··· Materials provided ···

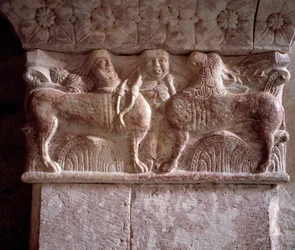 Scène de chasse, chapiteau sculpté dans la tribune du Prieuré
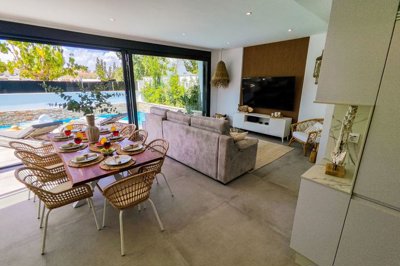 med1ab4a66f113744738dff7fe8dde3ba4d-2820x1880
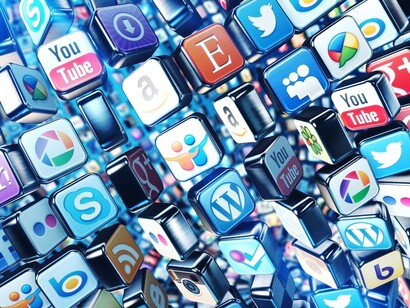 Mosaico con las principales redes sociales de la actualidad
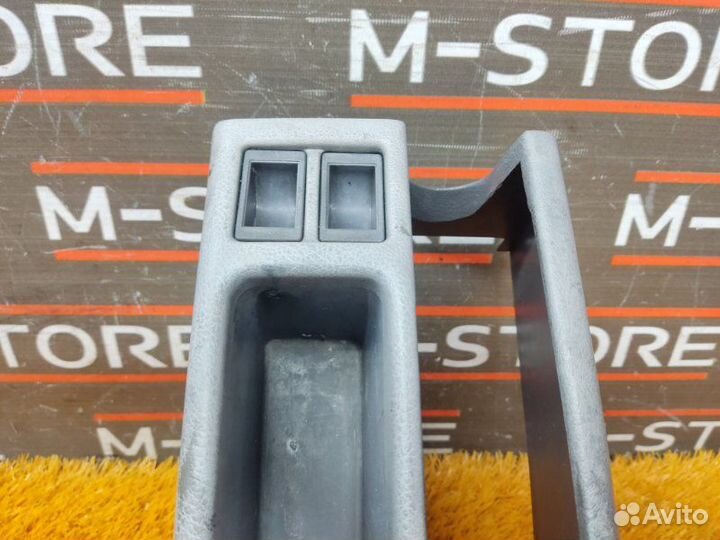 Консоль между сидений передний Subaru Impreza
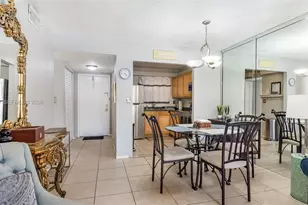 2851 E Sunrise Lakes Dr, Sunrise, FL 33322 - Photo 6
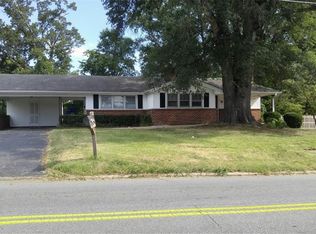 1421 E Meadow Rd, Eden, NC 27288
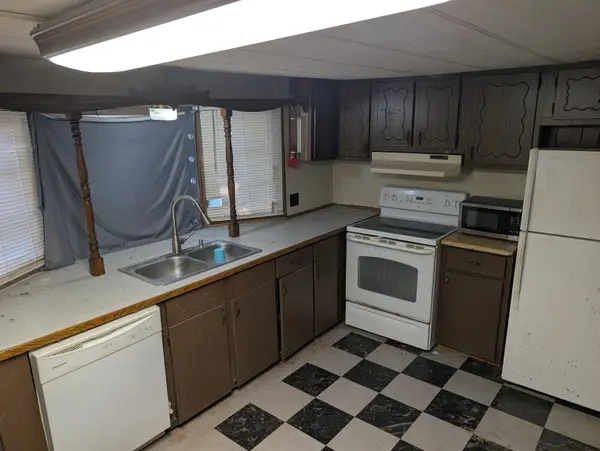 7376 W Frontier Rd, Salina, KS 67401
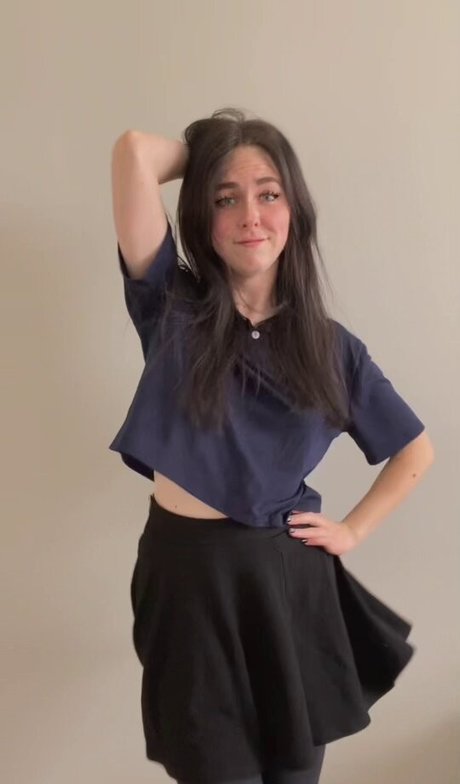 Naakte gelekte OnlyFans-foto van Olivia Evenstar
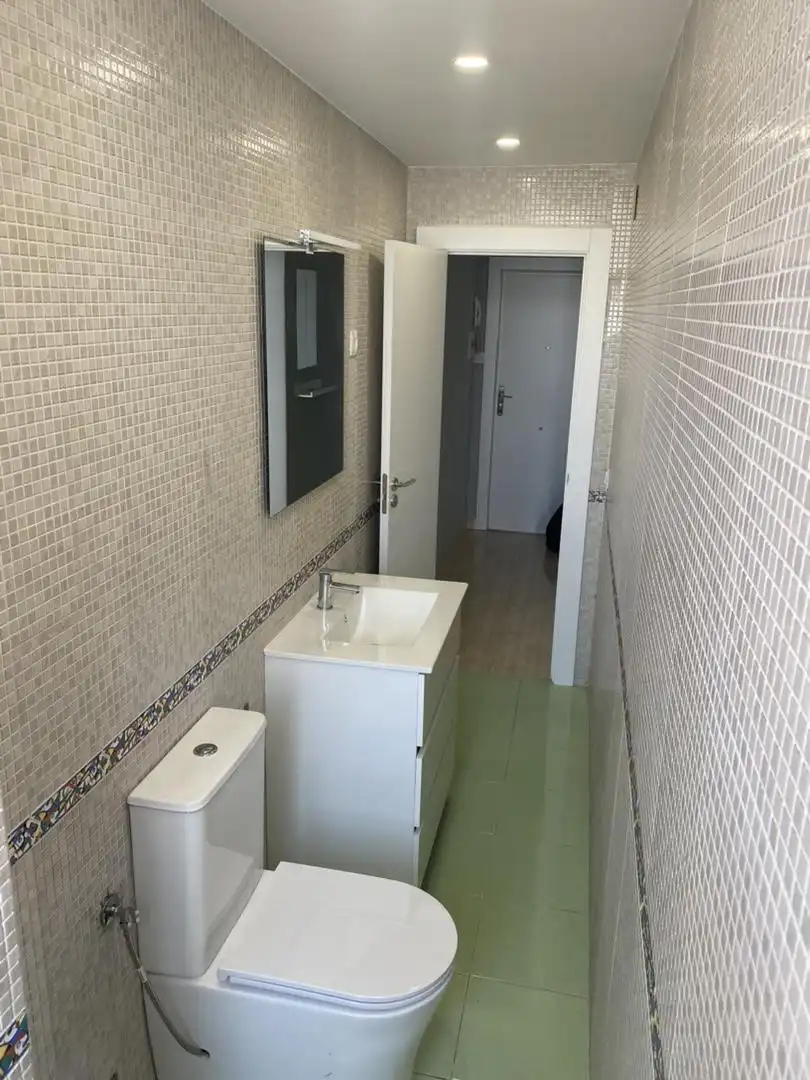 Habitació a Avenida de Madrid, 130, Barrio del Ave Bany de Apartament per a compartir en Zaragoza amb Calefacció, Moblat i Forn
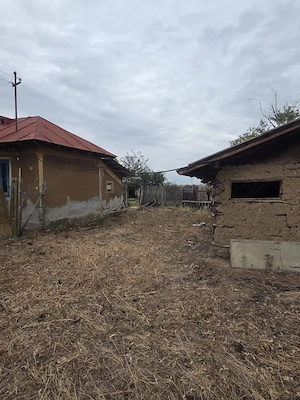 Vând casă tradițională cu teren   sat Mândra, comuna Văleni, județul Olt - imagine 5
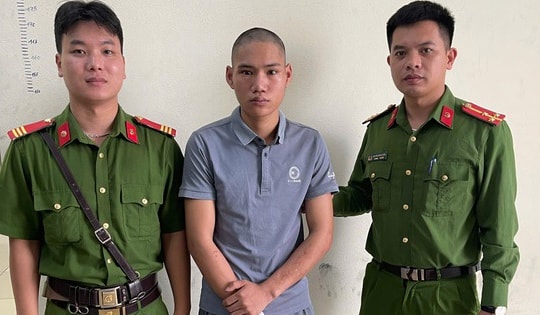 Thanh niên say rượu, cầm dao dọa chém người đi đường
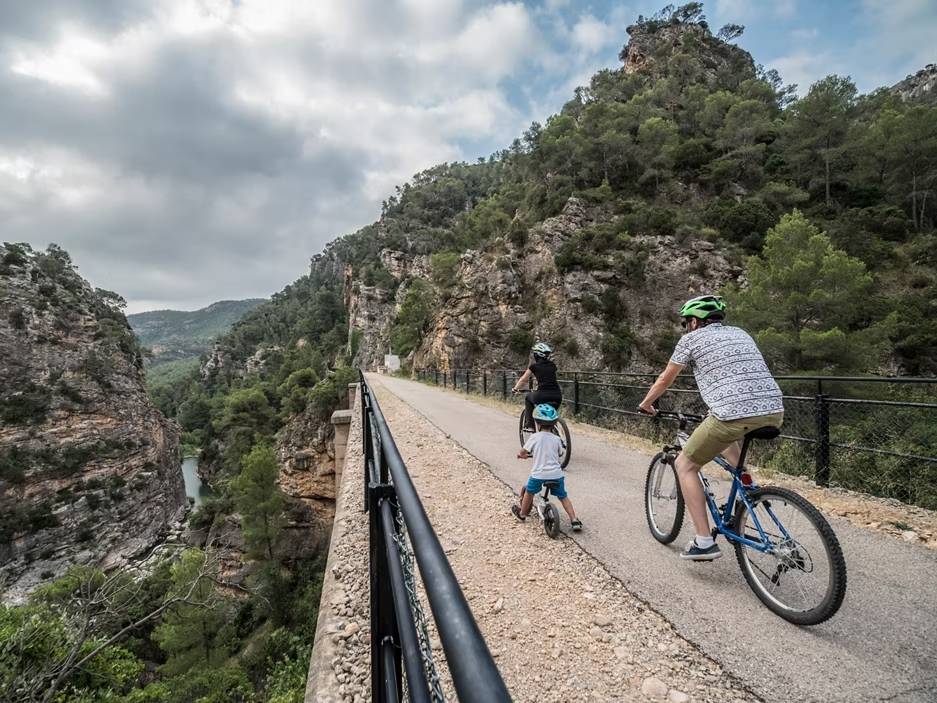 Via Verda de la Terra Alta - Turisme de Catalunya Via Verda de la Terra Alta
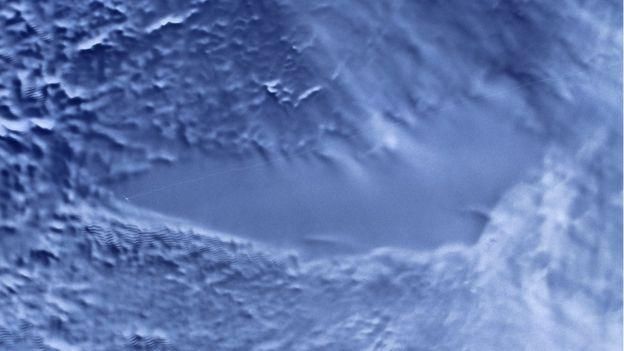 SCIENCE PHOTO LIBRARY Image caption Озеро Восток было обнаружено под 4-километровым слоем антарктического льда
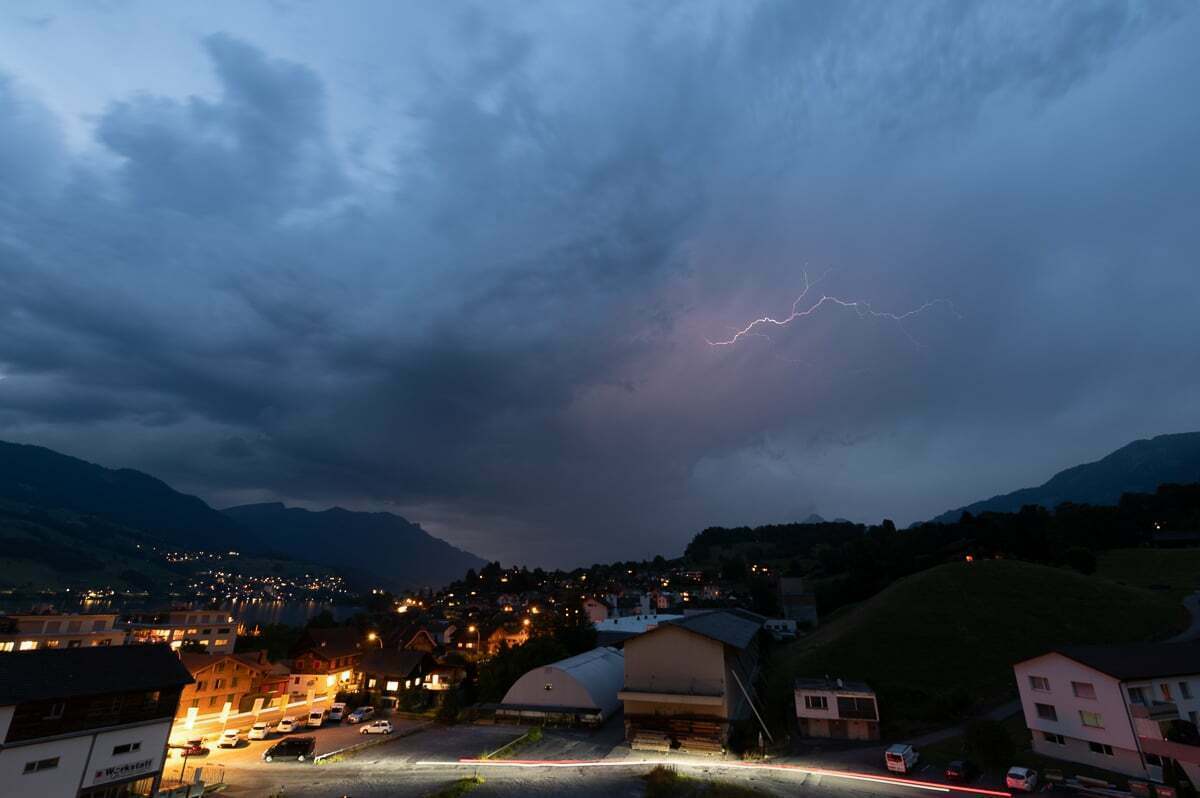 Gewitter in Sachseln Gewitter fotografiert in Sachseln Blitzlichtgewitter in Sachseln Fotograf Obwalden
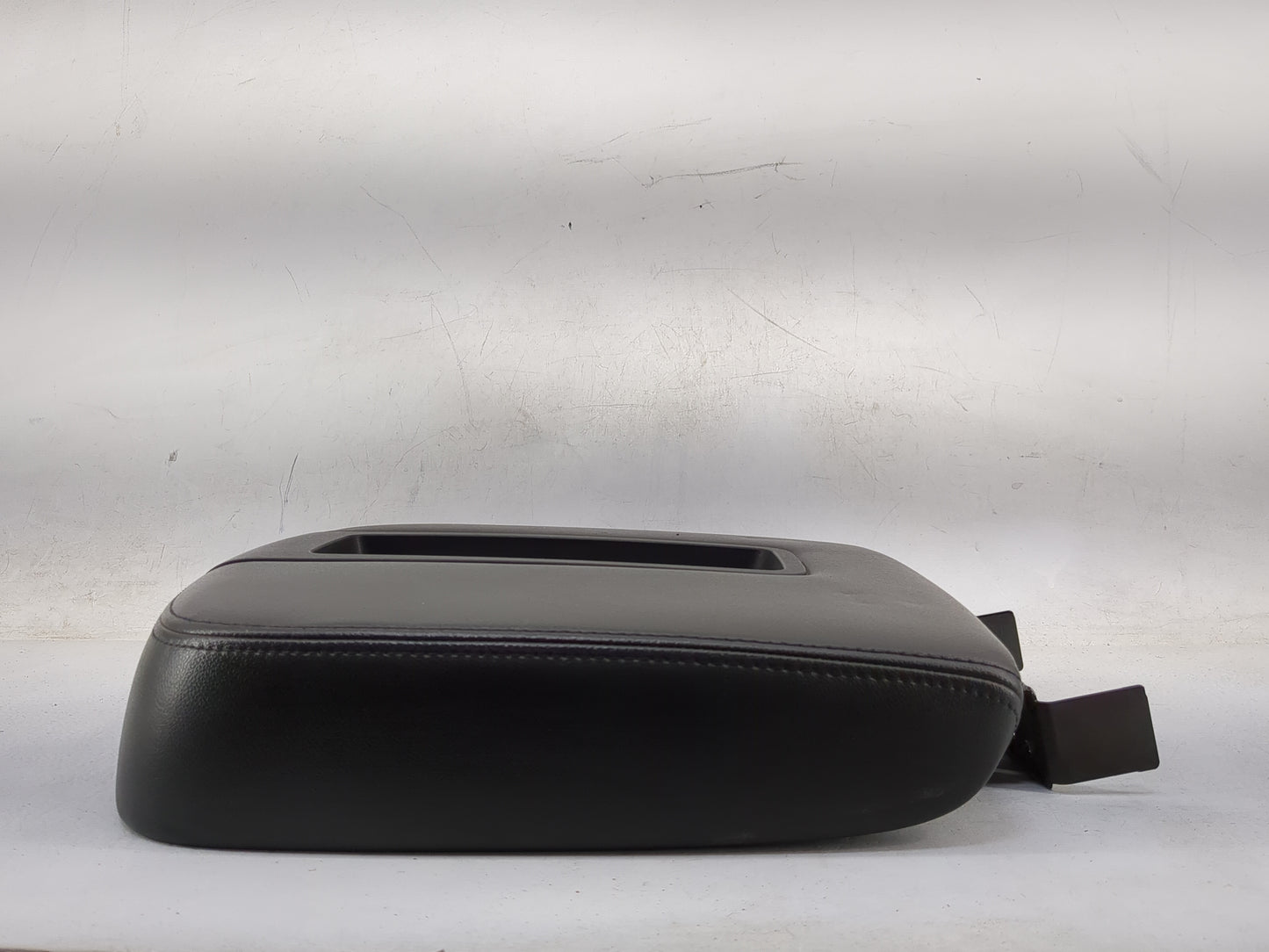 2011 Gmc Yukon Center Console Armrest Cover Lid P/N:L0197017AA01G13 Fits OEM Used Auto Parts - Oemusedautoparts1.com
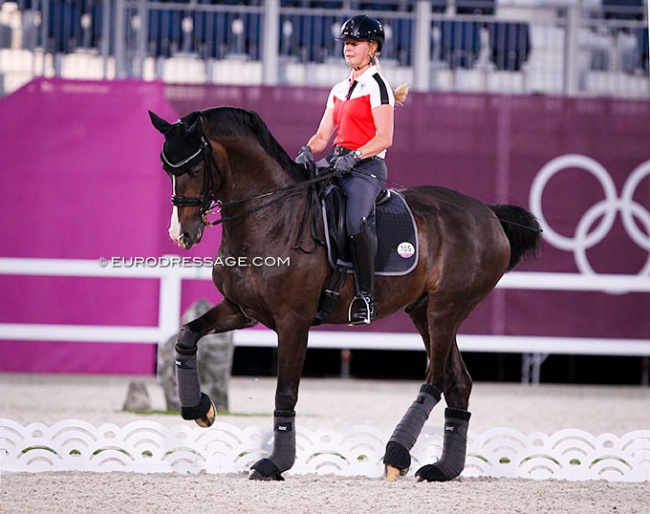 Victoria Max-Theurer and Abegglen FH schooling in the final ring familiarisation session at the 2021 Olympic Games :: Photo © Astrid Appels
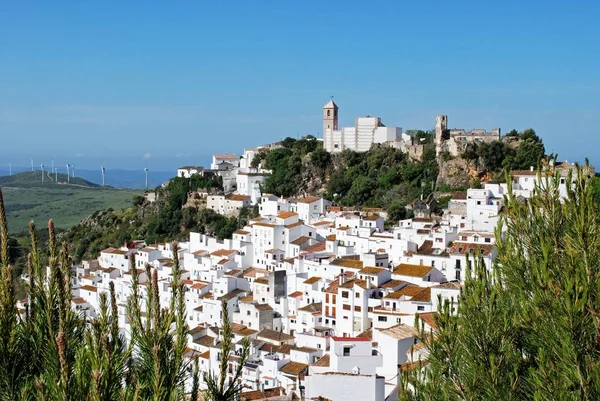 Vista elevada de un pueblo blanco tradicional, Casares, España . —  Fotos de Stock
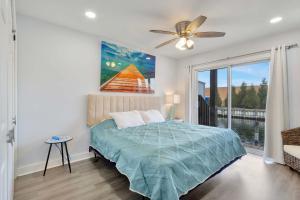 112B Newport Bay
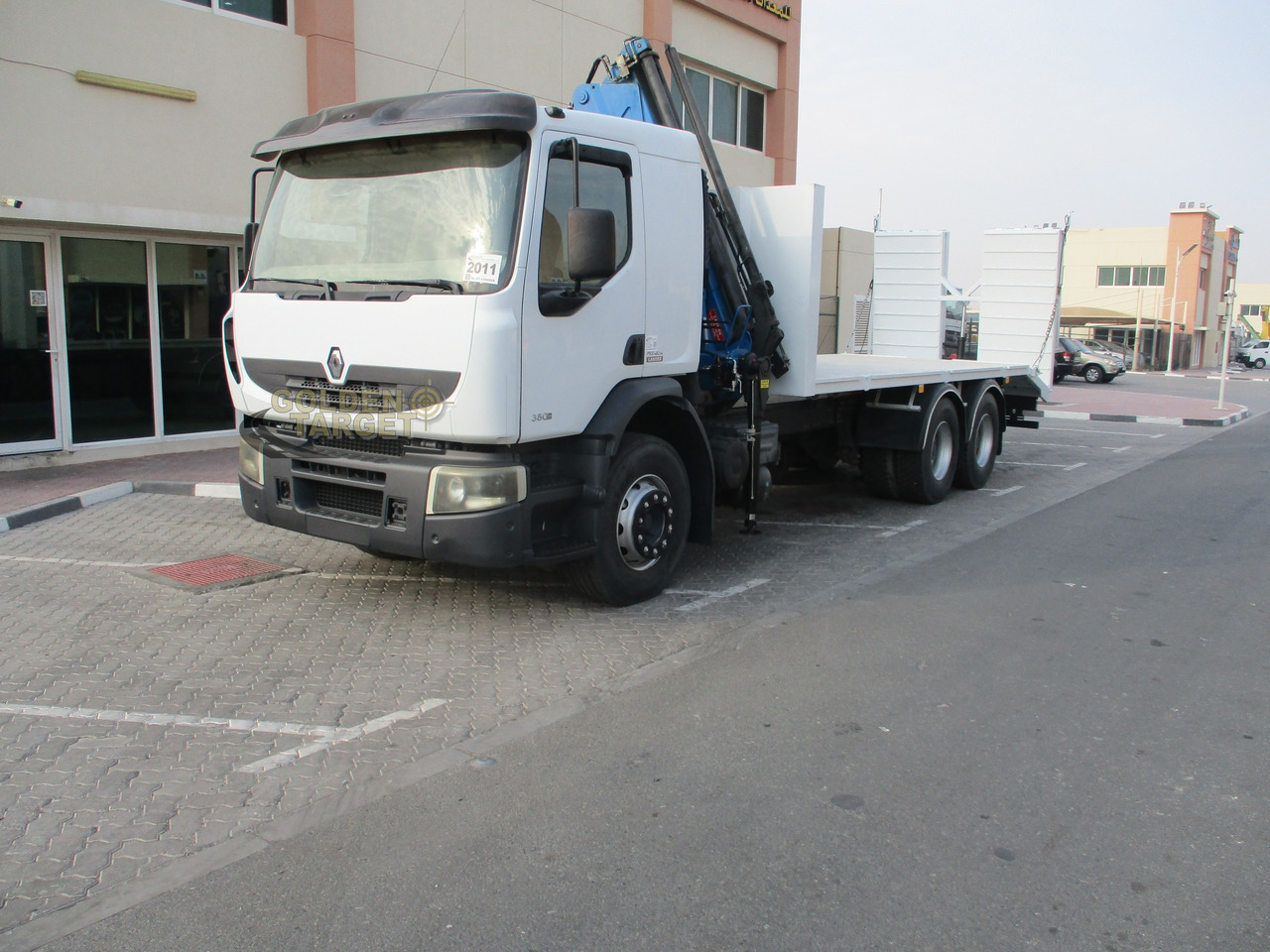 RENAULT Kerax 380 6×4 Crane Truck - Camion grue: photos 2 RENAULT Kerax 380 6×4 Crane Truck - Camion grue: photos 2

···

> Problem to solve: The required output is every line from the one containing "Via Verda de la Terra Alta - Turisme" through the last line of the records, inclusive, reproduced exactly and without pictures.

> Your response:
 Via Verda de la Terra Alta - Turisme de Catalunya Via Verda de la Terra Alta
 SCIENCE PHOTO LIBRARY Image caption Озеро Восток было обнаружено под 4-километровым слоем антарктического льда
 Gewitter in Sachseln Gewitter fotografiert in Sachseln Blitzlichtgewitter in Sachseln Fotograf Obwalden
 2011 Gmc Yukon Center Console Armrest Cover Lid P/N:L0197017AA01G13 Fits OEM Used Auto Parts - Oemusedautoparts1.com
 Victoria Max-Theurer and Abegglen FH schooling in the final ring familiarisation session at the 2021 Olympic Games :: Photo © Astrid Appels
 Vista elevada de un pueblo blanco tradicional, Casares, España . —  Fotos de Stock
 112B Newport Bay
 RENAULT Kerax 380 6×4 Crane Truck - Camion grue: photos 2 RENAULT Kerax 380 6×4 Crane Truck - Camion grue: photos 2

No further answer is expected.